Perdebatan itu membuat perbedaan pendapat yang cukup signifikan di antara mereka.
Dalam
masa-masa awal Islam, sunnah tidak bersifat spesifik dan statis. Di samping
praktek Nabi sendiri, praktek umat Islam, dan pemikiran sahabat menjadi unsur
pokok dalam pembentukan sunnah. Dalam kaitannya hal ini, Fazlur Rahman
mengungkapkan konsep sunnah Nabi merupakan konsep yang sahih dan operatif sejak
awal Islam dan tetap demikian sepanjang masa. Lebih lanjut, Fazlur Rahman
menyimpulkan sunnah Nabi lebih sebagai sebuah konsep pengayom dan tak memiliki
kandungan spesifik yang bersifat mutlak.[6]
Konsep seperti ini dijadikan pemikiran kaum muslimin pada awal-awal Islam,
sehingga produk pemikiran hukum bersifat fleksibel dan progresif.
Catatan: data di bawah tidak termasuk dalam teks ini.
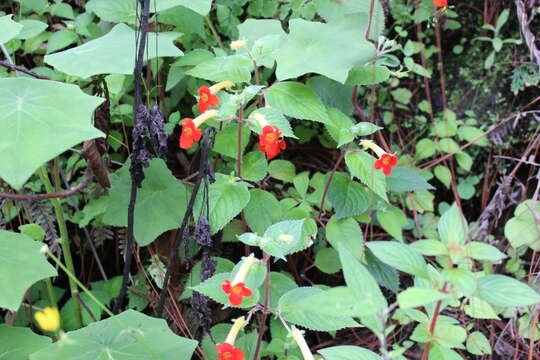 Image of Achimenes antirrhina (DC.) C. V. Morton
Contoh yang
paling konkret adalah peristiwa Umar bin Khattab yang membiarkan tanah-tanah
rampasan perang di daerah taklukan Islam, serta mewajibkan mereka untuk
membayar pajak tertentu, sebagai cadangan bagi generasi muslim yang datang
kemudian dengan pertimbangan keadilan sosial dan ekonomi.[7]
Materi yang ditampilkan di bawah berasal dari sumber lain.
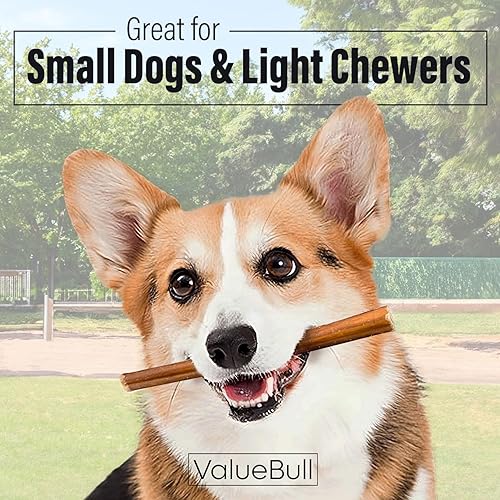Miniatura 9 de ValueBull Bully Sticks para perros, medianos de 6 pulgadas, paquete a granel de 100 unidades, golosinas naturales para perros, 100% pizzas de carne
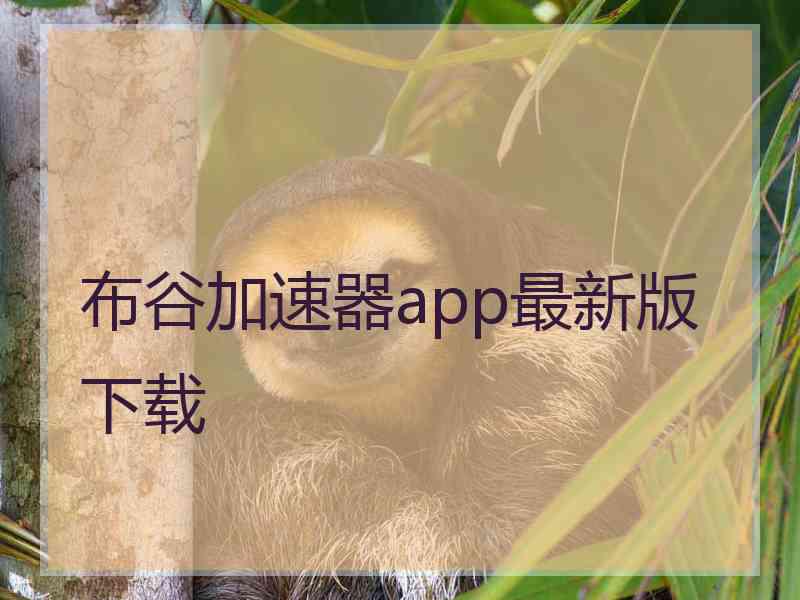 布谷加速器app最新版下载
Bersamaan dengan berlalunya waktu, sekaligus juga perkembangan pemikiran
melalui ijtihad personal, maka menyebar pula pemahaman-pemahaman yang berbeda
di kalangan muslimin. Perbedaan ini tidak hanya bersifat regional, misalnya Madinah dan Irak, tetapi bahkan di
suatu daerah tersebut terdapat perbedaan. Hal ini melatarbelakangi suatu konsep
baru yang dipimpin Imam Syafi‘i, yakni sunnah Nabi dipahami secara harfiah dan
sama sekali bersifat mutlak, serta wahana satu-satunya bagi transmisinya adalah
hadis. Oleh sebab itu, sejak masa ini hadis secara step by step menjadi satu-satunya
sarana untuk mengetahui sunnah Nabi. Peristiwa ini terjadi kira-kira sejak
akhir abad ke dua hijriyah.[8]
Perbedaan-perbedaan tersebut lama-lama dapat diredam oleh doktrin ahl
al-Hadīs tersebut, sekaligus menciptakan rasa religiusitas di kalangan
muslimin. Namun, doktrin tersebut mengakibatkan rasa progresifitas hadis bahwa
"sunnah itu hidup" menjadi hilang. Islam sudah tidak lagi menjadi
kekuatan aktif lagi, tetapi hanya menjadi sebuah kepasifan yang mudah
diombang-ambingkan aliran-aliran kehidupan. Produk-produk pemikiran menjadi
kaku dan terkait dengan subtansial hadis tersebut.
Sifat
statis yang menimpa umat Islam inilah yang melatarbelakangi kesadaran para
pembaharu kebangkitan Islam pada abad ke sembilan belas dan dua puluh untuk
mengkaji pemikiran klasik tersebut. Ulama kontemporer ini mencoba untuk
membahas konsep sunnah dan hadis secara lebih dalam lagi. Selain itu,
terdapatnya pemikiran skeptis orientalis terhadap otentisitas hadis, sehingga
dirasakan perlu merumuskan konsep hadis dan sunnah kembali.
Dalam
hal ini, secara garis besar muncul tiga aliran utama, yaitu ahl al-Hadīs, ahl al-Qur’ān,
dan kelompok pembaharu moderat. Kelompok pertama cenderung mengikuti hadis
secara ketat, bahkan cenderung literal dan tekstual. Sementara golongan ahl
al-Qur’ān hanya mengakui al-Qur’an sebagai sumber hukum agama dengan
mengesampingkan hadis. Berbeda dengan dua kutub pemikiran tersebut, kelompok
pembaharu mengambil posisi tengah-tengah. Mereka tidak begitu saja menerima
semua hadis hasil ilmu kritik ulama klasik sebagai sahih, tetapi mereka juga
tidak mau sepenuhnya menolak hadis.
Menyikapi hal tersebut, penulis akan memfokuskan penelitian pada seorang
pemikir kontemporer, yaitu Fazlur Rahman tentang metodenya dalam memahami
konsep sunnah dan hadis serta implikasinya pada masyarakat kontemporer.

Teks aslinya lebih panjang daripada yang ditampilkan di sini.